Gold slips off Tuesday’s rally as investors brace for inflation data coming later this week with the DG spot price drifting from $2360 an ounce early in the trading day to $2343. Tuesday’s rally ran out of steam on a firming dollar and Treasury yields.
Investors are awaiting the release of the Federal Reserve’s favorite inflation measure, the personal consumption expenditures price index, on Friday with April data for indications on when the central bank might be ready to cut interest rates. The release Wednesday of the Fed’s Beige Book report on the economic conditions in each of the country’s 12 regions is also likely to provide some guidance.

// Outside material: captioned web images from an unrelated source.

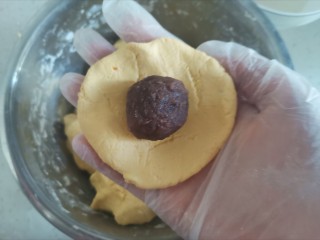 7、南瓜豆沙饼,揪一块面团压成饼状，包入豆沙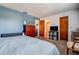 Inviting bedroom with blue accent wall, and en-suite bathroom access at 4050 4Th N St # 205, St Petersburg, FL 33703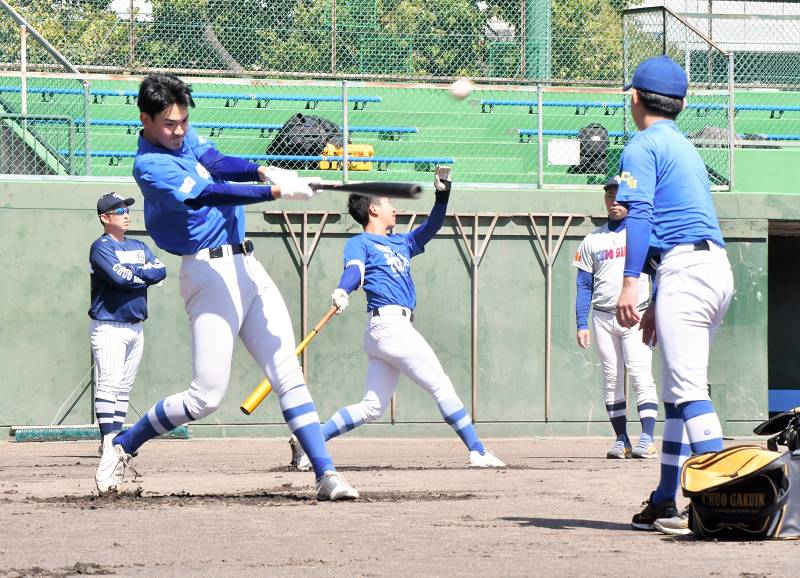 準決勝に向けてトス打撃に取り組む中央学院の蔵並（手前左）、小沢（中央奥）＝兵庫県西宮市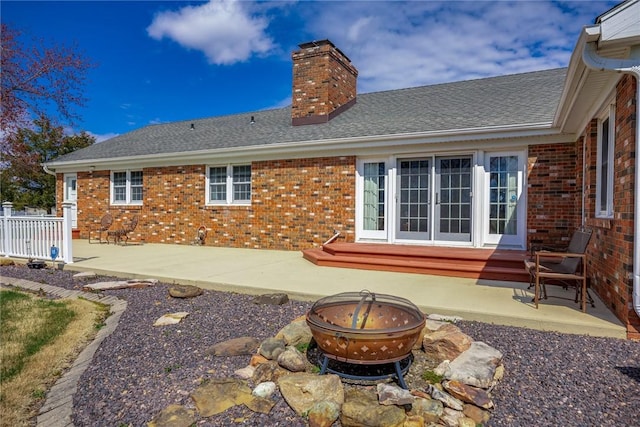 rear view of house with a patio area, a fire pit, brick siding, and a chimney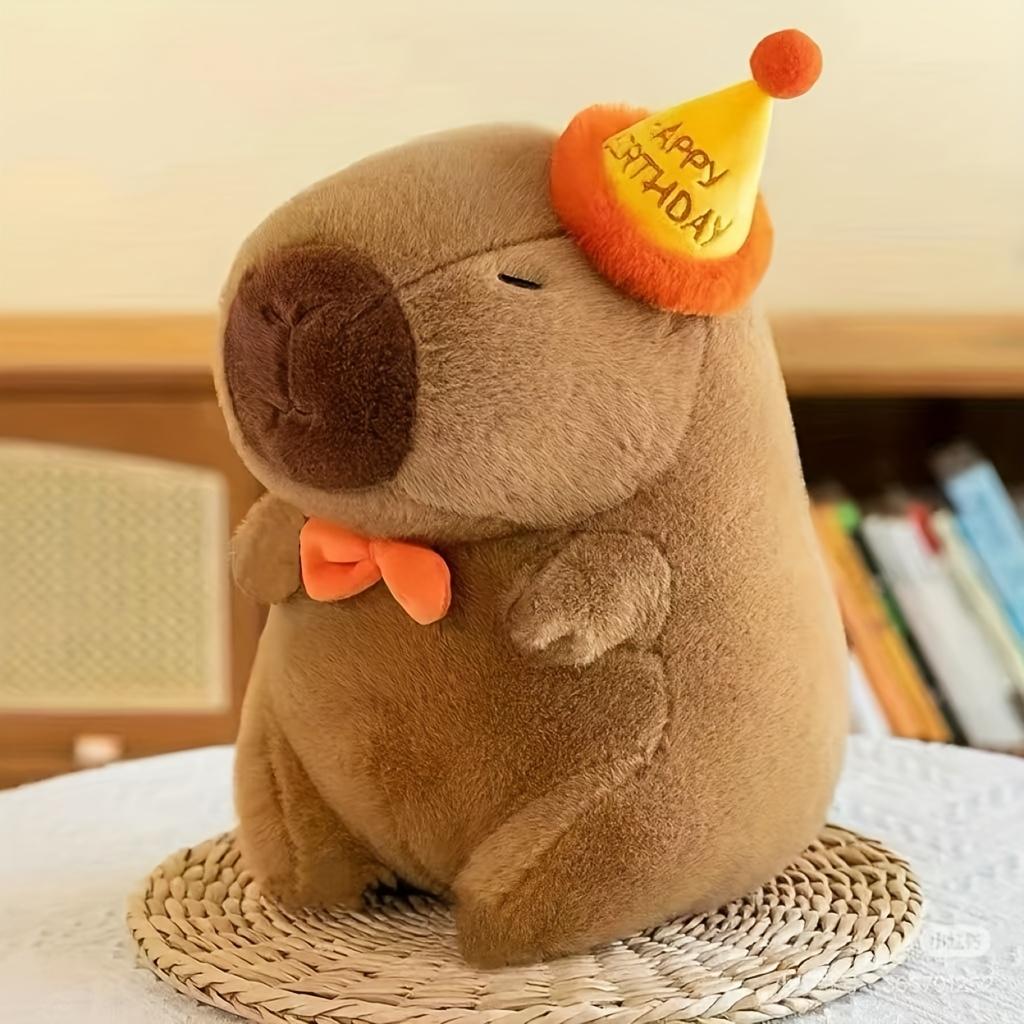 Очаровательная плюшевая игрушка капибара с праздничной шапочкой и галстуком-бабочкой – мягкая игрушка для собак всех пород, идеальный компаньон для игр в помещении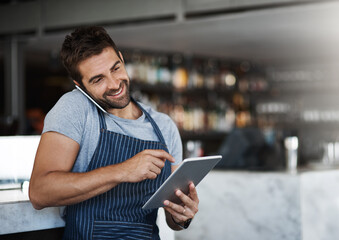 Man, waiter and phone call with tablet for online service, booking or order on table reservation at cafe. Happy male person or barista talking on mobile smartphone or technology at indoor restaurant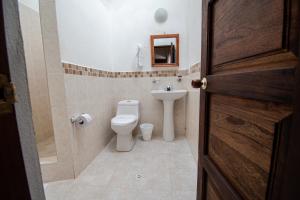a bathroom with a toilet and a sink at Hotel Villa Luna in Villa de Leyva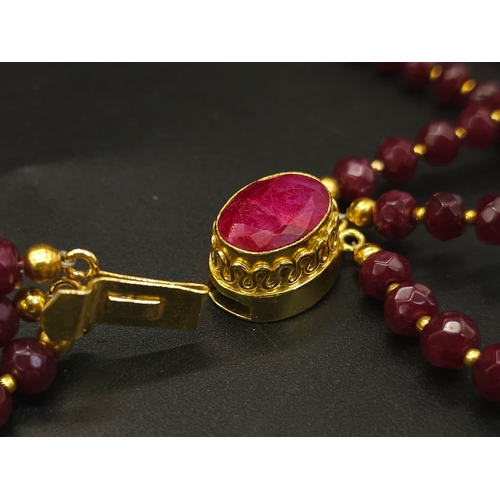 141 - A three strand necklace with multifaceted rubies and genuine pink pearls with a complimenting facete... 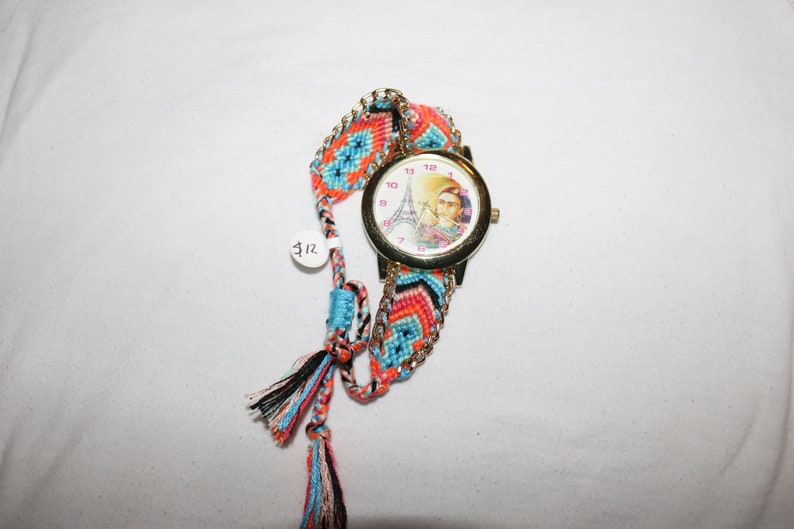 Op de afbeelding: Een gouden polshorloge met een witte wijzerplaat met een kleurrijk beeld van de Eiffeltoren en een vrouw. Het horloge is bevestigd aan een kleurrijk geweven armband met kwastjes.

High interest rates are typically bearish for gold, making them a less attractive alternate investment than some other assets. The Fed was widely expected to begin a series of interest rate cuts in the first part of this year, but the timeline for the rate reductions has been pushed back by persistently high inflation. Most investors currently don’t expect a rate cut until November.
Minneapolis Fed President Neel Kashkari told CNBC Tuesday that he wants to see “many more months” of positive inflation data before cutting rates – and that the Fed could even potentially raise rates again if inflation doesn’t drop further. The Fed has a 2% target for inflation. The Fed has raised interest rates by 5.25 percentage points since March 2022 in an effort to rein in inflation but has held rates steady at its last few policy meetings.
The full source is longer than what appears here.